L’austérité décomplexée

Budget 2026 de l’État de Vaud
Le Conseil d’État a communiqué son projet de budget 2026. Comme annoncé depuis la publication des comptes 2024 au printemps passé, il contient des coupes de plus de 300 millions de francs. Le Conseil d’État reconduit les coupes déjà décidées pour 2025 et liées à la loi sur l’assainissement financier (les 79 millions) et y ajoute plus de 200 millions. Contrairement à ce qui nous est annoncé, ces coupes ne sont absolument pas nécessaires au vu de la situation financière et elles ne seront pas sans effet sur les prestations.

C’est un choix politique de la part du Conseil d’État, le choix de faire de la politique fiscale l’axe central de son action et d’y subordonner les prestations et les conditions de travail des services publics et parapublics. Comme déjà annoncé, le SSP Vaud combattra ces dégradations en organisant l’opposition avec toutes les forces qui veulent lutter contre le démantèlement des services publics et parapublics.
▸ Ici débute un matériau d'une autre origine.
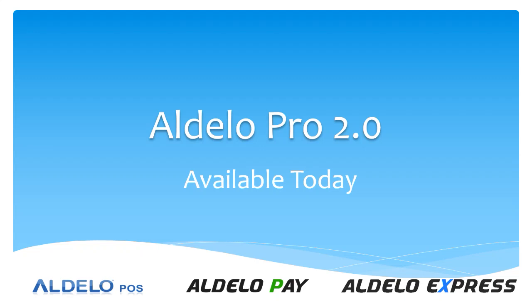Adelo is pleased to announce our newest update for Adelo Pro. We're calling it Adelo Pro 2.0. It is available today on adelo.com. Take a look at what it does offer you.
NI NÉCESSAIRE, NI INDOLORE. Le Conseil d’État justifie ce programme d’austérité par la « nécessité » de rétablir l’équilibre budgétaire. C’est faux pour trois raisons :
D’abord, comme l’affirme le Conseil d’État, les mesures 2026 ne sont plus liées à l’activation de la loi sur l’assainissement financier (sauf les 15 millions de coupes non-réalisées en 2025). Donc pas de nécessité légale. Ensuite, le canton de Vaud ne se trouve pas dans une situation financière difficile, avec un taux d’endettement de 0,71% et 500 millions de dettes contre une fortune de 2 milliards, il n’y a aucun péril financier. Enfin, corriger un déséquilibre peut se faire en agissant sur les deux côtés de la balance. Or le Conseild’État fait comme si augmenter les recettes n’était pas une option. Il fait même pire : Mme Luisier confirme aujourd’hui la nouvelle baisse d’impôts prévue pour 2026! Pas de nécessité de couper dans les charges mais un choix politique de construire les services publics et parapublics avec ce qu’il reste unefois que la politique fiscale a été arrêtée. Le SSP critiquait déjà cette politique annoncée dans le programme de législature, nous avons la preuve désormais que les fruits de cette politique sont indigestes.
Le Conseil d’État affirme que ces mesures n’affecteront pas les prestations. C’est faux, car cela voudrait dire que les plus de 300 millions coupés étaient en fait inutiles. Or, chaque franc d’un budget des services publics et parapublics « sert » à quelque chose, chaque fourniture en moins dans une école, dans un hôpital, dans un centre d’accueil impacte la prestation. Dire le contraire est un mensonge.
S’il y a des dépenses inutiles, elles sont peut-être à trouver dans les locations de limousine, mais elles ne permettront pas d’arriver à l’équilibre. Car pour arriver à l’équilibre sans dégrader les prestations, il faut regarder du côté des recettes. Le Conseil d’État continue au contraire de vouloir baisser les impôts des plus riches. Alors il coupe dans tous les domaines.

Petit tour d’horizon :

PERSONNEL DE L’ÉTAT. Le Conseil d’État a annoncé deux mesures salariales pour le personnel de l’État. D’une part, une « contribution de crise » de 0,7% du salaire brut sur 2026, pour les employé·es à partir de la classe 6. D’autre part, l’absence d’indexation pour 2026, cette mesure s’appliquant également aux secteurs parapublics.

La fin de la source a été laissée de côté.